If I had my way, MUs would work like this:
- DICE determine pass/fail results, and the only things that must be consented to are capture, torture, sexual situations, and unthematic player-killings (unthematic meaning: you can't just PK because your character has a +400 combat wang, but if your character is caught betraying the king a PK is warranted)
- Social dice ARE acceptable to allow for deception, lies, and IC manipulations, and failure to roleplay the results and/or metagame around social failures would be punishable by suspension (up to being removed from the game)
- Failure to roleplay or accept IC failure (up to and including no-selling failure results as things like "I'm not going to roleplay it to look as if I failed because that would make my character look bad") would be considered VERY bad form, because it incentivizes other players not to accept RP failures (thus, no one ever wins and no one ever loses without some kind of OOC manipulation/bartering, which is where we are today).
- Anything else, where it's free-form and without dice results, is between two consenting players, but refusing to RP with other players who do not wish to consent to "free form roleplay" to avoid potential failure is considered bad form, and those people may not be a good choice for the game.
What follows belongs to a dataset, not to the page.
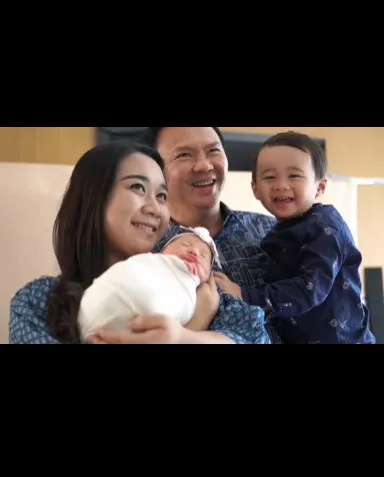 8 Foto Pemotretan Terbaru Keluarga Ahok dan Puput Nastiti, Lucunya Yosafat dan Baby Sarah Curi Perhatian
Ultimately, what I'm saying, is that I feel the only way you can incentivize IC failure is to mandate it.
From my Vampire LARP days there's this concept I like to call "Stock Exchange Dice Bartering", which became a bad habit in my tabletop games. Basically, players would AVOID putting XP/Dice/etc into specific skills, and when it came time for a pass/fail result they'd all holler at the GM at the same time with ideas. The GM would then pick the best idea they heard, run with it, dice weren't rolled, and the results were roleplayed. This led to a REALLY bad tabletop RPG habit with some of my players where they'd do things like this:
- "If I as a player can Google instructions on how to build a bomb, then why should I put points into demolitions on my character sheet?"
- "If I can come up with a convincing lie OOC for my character to tell, then why should I have to roll? I have 2 social dice and 34 combat dice, but anyone can lie, right?"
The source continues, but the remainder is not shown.